Samuel et la Fanfarlo avaient exactement les mêmes idées sur la cuisine et le système d’alimentation nécessaire aux créatures d’élite. Les viandes niaises, les poissons fades étaient exclus des soupers de cette sirène. Le champagne déshonorait rarement sa table. Les bordeaux les plus célèbres et les plus parfumés cédaient le pas au bataillon lourd et serré des bourgognes, des vins d’Auvergne, d’Anjou et du Midi, et des vins étrangers, allemands, grecs, espagnols. Samuel avait coutume de dire qu’un verre de vrai vin devait ressembler à une grappe de raisin noir, et qu’il y avait dedans autant à manger qu’à boire. – La Fanfarlo aimait les viandes qui saignent et les vins qui charrient l’ivresse. – Du reste, elle ne se grisait jamais. – Tous deux professaient une estime sincère et profonde pour la truffe. – La truffe, cette végétation sourde et mystérieuse de Cybèle, cette maladie savoureuse qu’elle a cachée dans ses entrailles plus longtemps que le métal le plus précieux, cette exquise matière qui défie la science de l’agromane, comme l’or celle des Paracelse ; la truffe, qui fait la distinction du monde ancien et du moderne, et qui, avant un verre de Chio, a l’effet de plusieurs zéros après un chiffre.

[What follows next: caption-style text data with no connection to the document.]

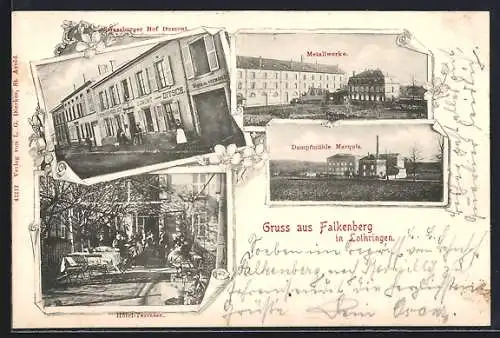 AK Falkenberg in Lothringen, Hotel Strassburger Hof, Dumont, Metallwerke, Dampfmühle Marquis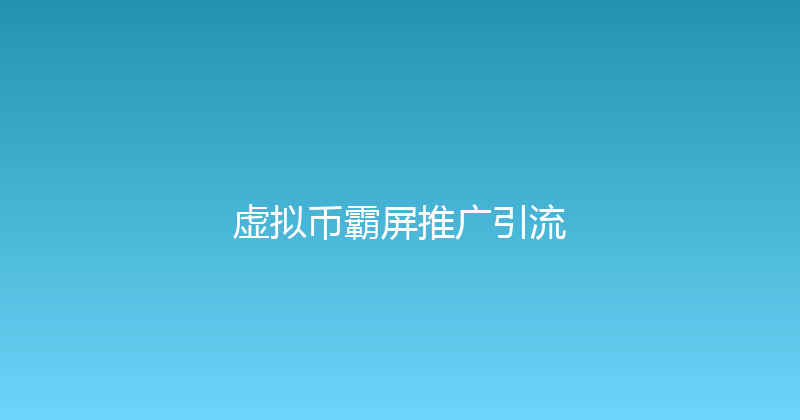 虚拟币霸屏推广引流 封面图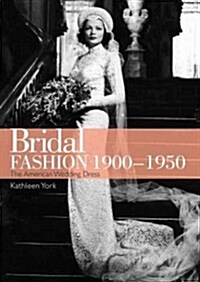 Bridal Fashion 1900-1950 (Paperback)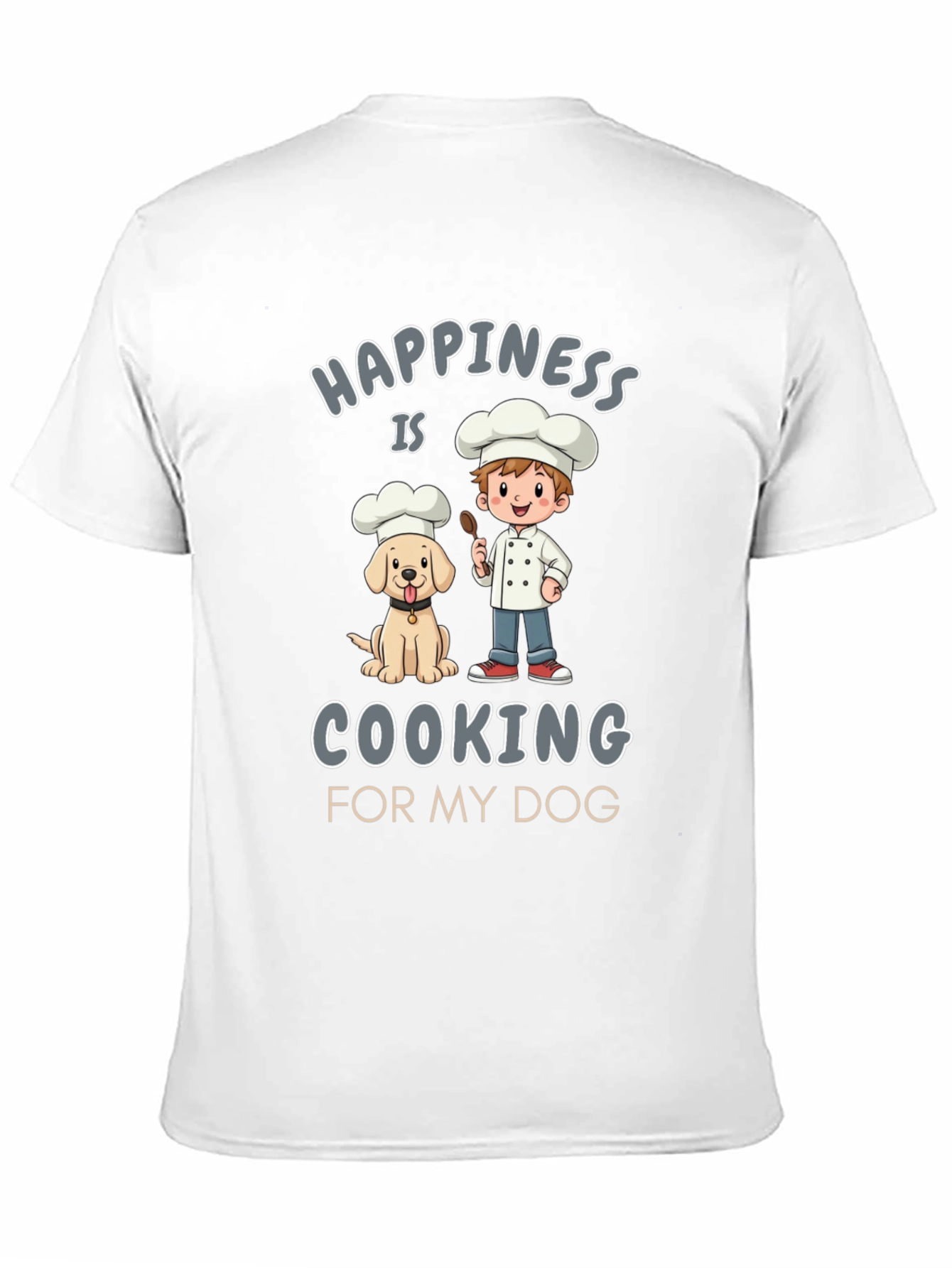 Happiness is Cooking for My Dog Graphic T-Shirt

Quant à la question des sauces, ragoûts et assaisonnements, question grave et qui demanderait un chapitre grave comme un feuilleton de science, je puis vous affirmer qu’ils étaient parfaitement d’accord, surtout sur la nécessité d’appeler toute la pharmacie de la nature au secours de la cuisine. Piments, poudres anglaises, safraniques, substances coloniales, poussières exotiques, tout leur eût semblé bon, voire le musc et l’encens.